* [What to produce]:
Repeat the records below exactly from the line containing "4 inch LCD Display" to the line containing "Black engineered wood", taking in both of those lines. Drop the pictures.

* [Record excerpts]:
########

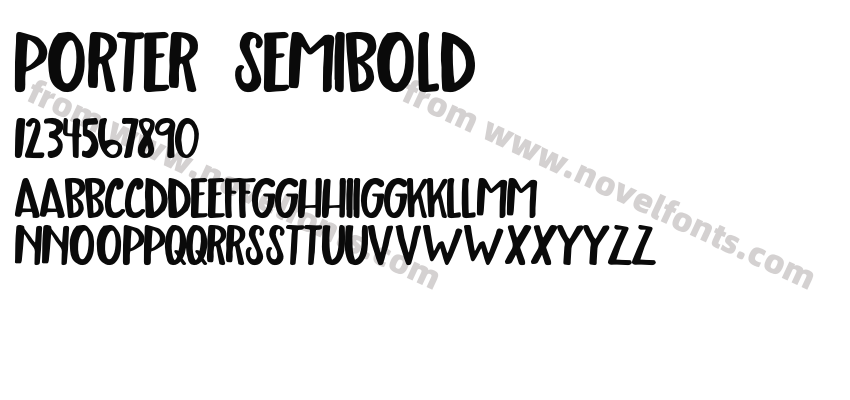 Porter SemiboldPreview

########

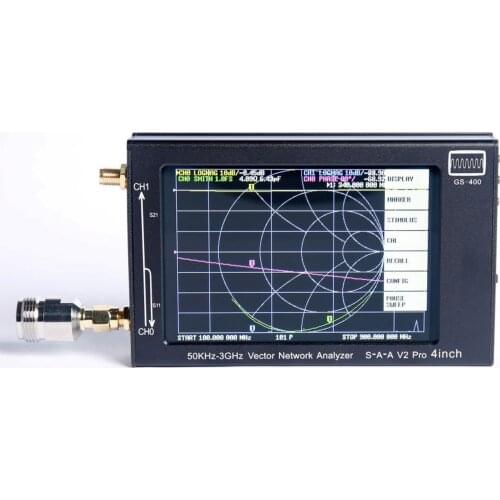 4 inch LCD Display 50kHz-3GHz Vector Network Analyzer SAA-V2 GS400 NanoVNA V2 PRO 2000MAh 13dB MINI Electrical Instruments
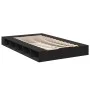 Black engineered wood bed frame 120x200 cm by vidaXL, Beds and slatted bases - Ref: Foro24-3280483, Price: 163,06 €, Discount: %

########

* [Solution to this problem]:
 4 inch LCD Display 50kHz-3GHz Vector Network Analyzer SAA-V2 GS400 NanoVNA V2 PRO 2000MAh 13dB MINI Electrical Instruments
 Black engineered wood bed frame 120x200 cm by vidaXL, Beds and slatted bases - Ref: Foro24-3280483, Price: 163,06 €, Discount: %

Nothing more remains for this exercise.